Staunton, November 26 – Since the early 1990s, the Kremlin has promoted the revival of an imperial identity among Russians, something that precludes anytime soon the development of a civic Russian one, according to Emil Pain, a leading Russian specialist on ethnic conflict at Moscow’s Higher School of Economics.
In a new book written with his student Sergey Fedyunin, Nation and Democracy: Prospects for the Administration of Cultural Diversity (in Russian, Moscow,2017), Pain argues that “Russian liberals, having rejected the idea of the nation have not been able to
Formulate an image of the future which a large portion of Russians share.”
Instead, he continues, they have watched in many cases seemingly passively as the Russian government since the early 1990s and especially since 2000 has revived the notion of empire that by itself makes impossible not only the development of Russian ethnic identity but of Russian democracy.
The Open Russia portal has now posted on line the chapter in Pain and Fedyunin’s book on “The Intentional Reconstruction of Imperial Consciousness: Stages and Mechanisms” in which the ethnic specialist makes this argument by tracing changes in Russian identity since the end of Soviet times (openrussia.org/notes/716553/).
“Post-Soviet Russia can serve as an obvious case of how imperial consciousness has literally been imposed on a society.” When the Soviet Union fell apart, few Russians felt they had lost anything by the exit of the non-Russian union republics. According to polls in 1993, for example, “only 16 percent” expressed “the slightest signs of regret” about that.
Instead, Russians overwhelmingly saw themselves as becoming part of the West, and only some marginal figures, “invoking ‘the will of the people’ without the slightest basis,” promoted a special Russian path or imperial revival. But as the difficulties of making the transition became clearer, by the mid-1990s, this positive view of the West began to erode.
By 2001, two Russians out of three agreed with the statement that “the Western variant of social organization in one way or another is not suitable for Russian conditions and contradicts the way of life of the Russian people.” And that was true not only despite but because changes in Russia “were less than for example in Poland or the Baltic countries.”
Changes happened there because re-entering Europe was the core national idea, Pain continues; but “in Russia, there was no such defense mechanism in popular consciousness: the movement toward Europe was not a goal in and of itself: On the contrary, this idea depended on several others.”

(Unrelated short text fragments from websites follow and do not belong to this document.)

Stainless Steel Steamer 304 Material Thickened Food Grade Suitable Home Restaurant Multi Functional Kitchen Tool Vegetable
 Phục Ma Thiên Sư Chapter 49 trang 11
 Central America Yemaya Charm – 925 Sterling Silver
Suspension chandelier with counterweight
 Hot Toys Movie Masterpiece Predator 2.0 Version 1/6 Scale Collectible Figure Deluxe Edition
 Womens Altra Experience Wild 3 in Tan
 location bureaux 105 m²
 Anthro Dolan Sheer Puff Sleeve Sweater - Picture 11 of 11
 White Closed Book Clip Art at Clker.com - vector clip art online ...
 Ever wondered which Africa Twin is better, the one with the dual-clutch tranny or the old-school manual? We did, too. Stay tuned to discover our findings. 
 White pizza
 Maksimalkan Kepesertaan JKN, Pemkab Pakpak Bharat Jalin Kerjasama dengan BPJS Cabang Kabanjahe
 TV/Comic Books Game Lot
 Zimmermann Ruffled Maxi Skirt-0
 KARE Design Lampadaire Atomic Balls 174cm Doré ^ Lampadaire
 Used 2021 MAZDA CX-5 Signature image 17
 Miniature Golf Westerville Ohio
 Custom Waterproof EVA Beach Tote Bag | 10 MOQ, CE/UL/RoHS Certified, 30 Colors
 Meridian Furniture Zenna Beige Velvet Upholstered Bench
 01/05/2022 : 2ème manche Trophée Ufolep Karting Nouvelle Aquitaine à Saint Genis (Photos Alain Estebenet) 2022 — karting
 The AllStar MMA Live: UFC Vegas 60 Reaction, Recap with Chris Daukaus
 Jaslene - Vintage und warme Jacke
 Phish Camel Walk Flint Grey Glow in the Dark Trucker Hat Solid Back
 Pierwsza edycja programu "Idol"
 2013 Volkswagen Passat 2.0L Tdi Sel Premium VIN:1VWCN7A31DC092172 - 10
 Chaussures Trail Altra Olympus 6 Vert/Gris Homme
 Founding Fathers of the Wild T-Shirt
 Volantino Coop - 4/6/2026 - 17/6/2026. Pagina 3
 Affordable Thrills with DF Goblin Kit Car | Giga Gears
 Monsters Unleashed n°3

As a result, he says, “by 1990, another thesis had become popular [in Russia]: ‘Sovialism was not so bad; rather its leaders were bad,’ and by the beginning of the 2000s, even the Soviet leaders were being rehabilitated.” The return of Stalin from dismissive contempt to a central hero is a clear case of this.
Because of the difficulties of the 1990s, “traditional Soviet stereotypes arose among many Russians” including the notion that “stability and order” are only possible with “authoritarian rulers.” But that didn’t happen automatically. Instead, it was actively promoted by the political elite for its own purposes.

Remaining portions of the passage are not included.